* **Problem description**:
A single number is the answer here: the count of lines in the records below in which the word "with" appears.

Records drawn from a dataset
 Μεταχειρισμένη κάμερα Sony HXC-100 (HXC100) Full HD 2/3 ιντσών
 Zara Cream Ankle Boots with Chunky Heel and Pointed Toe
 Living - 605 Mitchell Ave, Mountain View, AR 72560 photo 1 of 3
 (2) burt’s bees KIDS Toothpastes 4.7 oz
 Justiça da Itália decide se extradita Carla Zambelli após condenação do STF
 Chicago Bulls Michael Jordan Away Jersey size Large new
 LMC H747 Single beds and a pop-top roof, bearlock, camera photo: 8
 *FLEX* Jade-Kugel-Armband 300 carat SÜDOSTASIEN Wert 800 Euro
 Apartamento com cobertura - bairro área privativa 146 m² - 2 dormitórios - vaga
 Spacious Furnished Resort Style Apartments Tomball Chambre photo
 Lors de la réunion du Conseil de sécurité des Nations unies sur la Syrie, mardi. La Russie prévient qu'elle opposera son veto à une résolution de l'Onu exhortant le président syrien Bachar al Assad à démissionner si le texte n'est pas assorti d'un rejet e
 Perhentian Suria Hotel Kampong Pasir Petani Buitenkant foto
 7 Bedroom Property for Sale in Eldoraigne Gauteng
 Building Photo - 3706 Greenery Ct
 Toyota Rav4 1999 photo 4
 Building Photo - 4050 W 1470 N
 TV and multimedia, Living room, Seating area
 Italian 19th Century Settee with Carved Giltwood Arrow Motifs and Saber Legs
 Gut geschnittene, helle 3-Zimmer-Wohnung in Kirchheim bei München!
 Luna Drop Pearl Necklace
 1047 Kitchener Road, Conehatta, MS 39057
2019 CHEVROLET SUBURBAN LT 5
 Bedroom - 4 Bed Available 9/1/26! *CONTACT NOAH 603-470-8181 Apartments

* **Response to the task**:
2